Climate change has a habit of setting its own agenda. Thus the news cycle has moved on from the “unprecedented” fires in the Amazon, to the “unprecedented” destruction caused by Hurricane Dorian in the Bahamas. After all, what is the era of climate change if not the proliferation of “unprecedented” extreme events? However, in this instalment of the Climate Change Tracker, we will follow on from last week’s discussion on the Amazon fires to look at India’s forest health.
It has been the country’s national policy, since 1952, to bring 33% of India’s total geographical area under forest cover. It is an ambitious and—according to a 2018 paper by scientists Diana K. Davis and Paul Robbins in the journal Environment And Planning E: Nature And Space—ad hoc project reminiscent of former colonial polices. Be that as it may, according to the Forest Survey of India’s (FSI’s) State Of Forest Report 2017, currently that number stands at just 21.54%. Of this, a mere 2.99% is very dense forest (VDF) and 9.38% is moderately dense forest (MDF). It should also be noted that orchards, plantations and even coconut groves are counted under MDF and open forest (OF). VDFs and MDFs are mostly clustered in Arunachal Pradesh, Maharashtra, Chattisgarh, Odisha and Madhya Pradesh. In terms of sheer percentage of forested areas vis-à-vis the size of the state, North-East states like Arunachal, Mizoram and Meghalaya rank high.
And yet, according to the very same FSI report, the states with the thickest forests have also lost the most trees due to development projects like those for irrigation, mining and infrastructure: Arunachal lost 190 sq. km, Meghalaya 116 sq. km and Mizoram 531 sq. km between 2015-17. In December, the government declared in Parliament that over 20,000 hectares had been diverted for projects such as mining, dams and thermal power plants between 2015-18. According to data mapped by Global Forest Watch, an international monitoring body, between 2001-18, India lost 16,744 sq. km of tree cover, of which more than half occurred between 2013-18—74.7% of the loss was borne by Assam, Arunachal, Meghalaya, Mizoram and other states in the North-East.
What then are the effects of this deforestation? Apart from an ecological threat, as well as the loss of top soil and the silting of rivers, temperatures have been rising.
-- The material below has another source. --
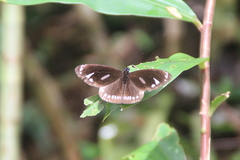 Euploea lewinii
In May, Aizawl recorded its highest temperature in 20 years, at 36.7 degrees Celsius. According to a 2017 Indian Institute of Technology, Gandhinagar study for the Meghalaya government, between 1981- 2012, the state’s average temperature rose by .031 degrees every year, a total rise of almost 1 degree Celsius. It should come as no surprise, then, that according to the FSI’s 2019 report on fire-prone areas across India, Mizoram, Tripura, Assam, Meghalaya and Manipur occupy the top five spots in the “extremely fire prone” class.